= Herbert E. Walter =

American geneticist

Herbert Eugene Walter (1867–1945), was a prominent biologist, author, Professor at Brown University and researcher.

Herbert Walter was born in Burke, Vermont in 1867. He attended the Lyndon Institute, and then graduated from Bates College in Maine in 1892. He next received a M.A. from Brown University in 1893 and then studied at the University of Freiburg. From 1894 to 1904 he taught biology. In 1906 he received a Ph.D. from Harvard University. Walter came to Brown as assistant professor of biology. He was promoted to associate professor in 1913 and professor in 1923. Walter published many books, including, Studies in Animal Life, (1901), Genetics: An Introduction To the Study of Heredity (1913), The Human Skeleton (1913), and Biology of the Vertebrates. With his wife, Alice Hall Lyndon, he wrote Wild Birds in City Parks.

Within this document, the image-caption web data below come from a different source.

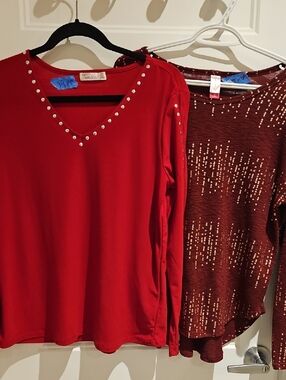 89th & Madison Red and Burgundy Long Sleeve Tops with Stud Detail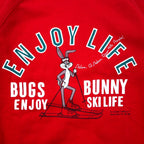 Warner Bros 80s BUGS BUNNY Character Print Sweatshirt S Red Cotton Bukky-Aki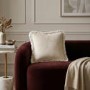 Beige Velvet Fibre Filled Fringed Sofa Scatter Cushion - 45 x 45cm - Jora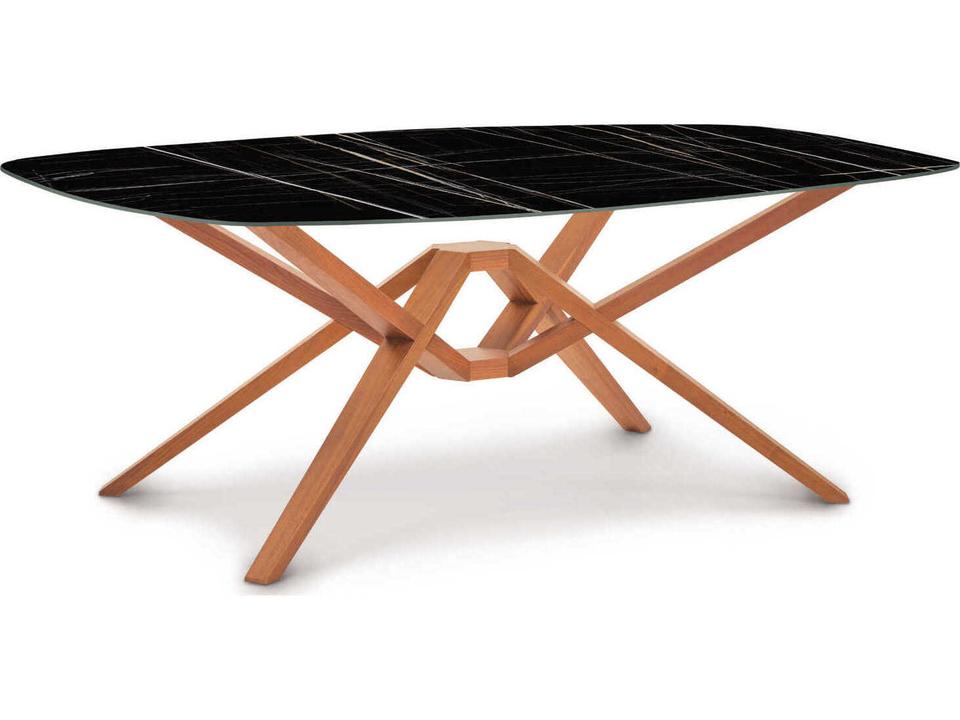 Exeter Rectangular Dining Table Sintered Stone Top Solid Wood Base
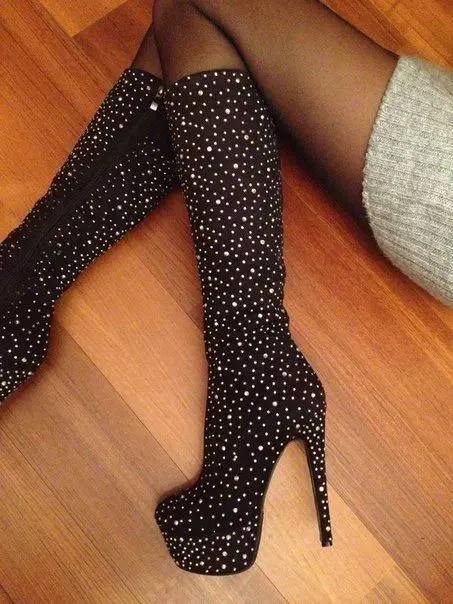 rhinestone high heel boots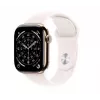 Išmanusis laikrodis Apple Watch Series 11 GPS + Cellular 42mm Auksinis titano korpusas Šviesiai rožinis sportinis dirželis M/L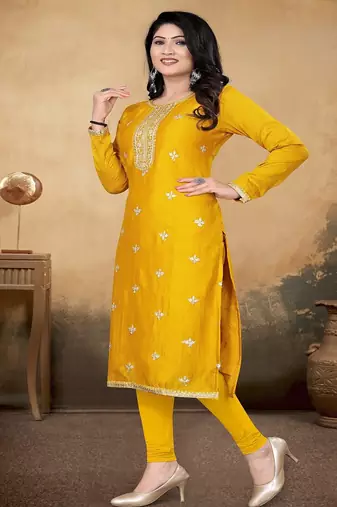 Musturd color vichitra silk blend round neck embroidered kurti
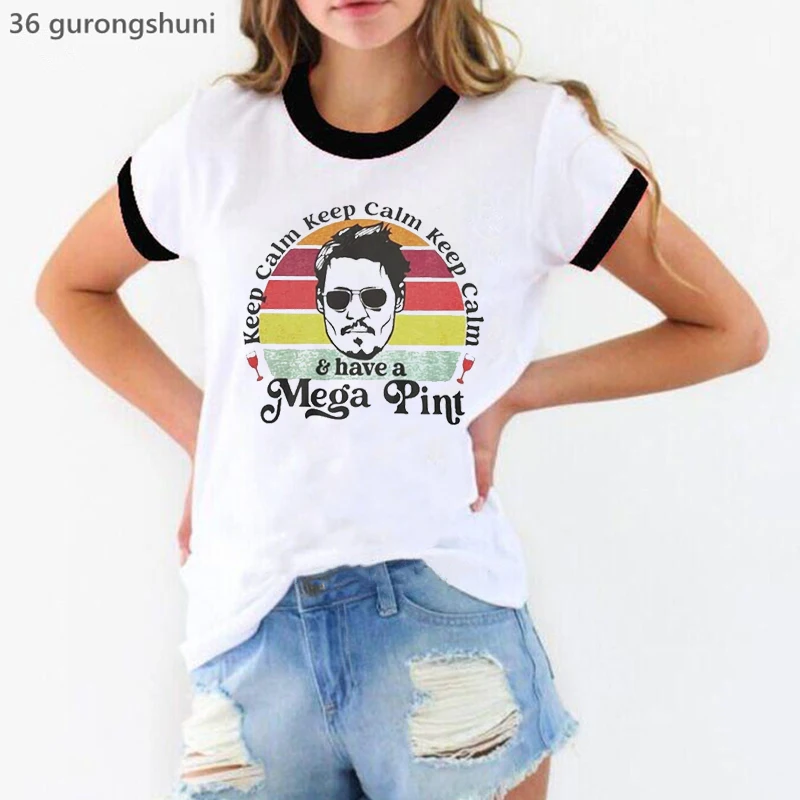 

Keep Calm Have A Mega Pint Graphic Print Tshirts Women Summer Short Sleeve T Shirt Femme Harajuku Shirt Cool T-Shirt Female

Walter was director of research for the Federal Bureau of Fisheries at Woods Hole, and conducted a course in field zoology for teachers of biology at the Marine Biological Institute of the Brooklyn Institute of Arts and Sciences at Cold Spring Harbor, Long Island. He was assistant director of the Institute from 1917 to 1926. Walter Hall was named after the Professor in 1959 it is now home to the department of Ecology and Evolutionary Biology on the Brown campus at 80 Waterman Street.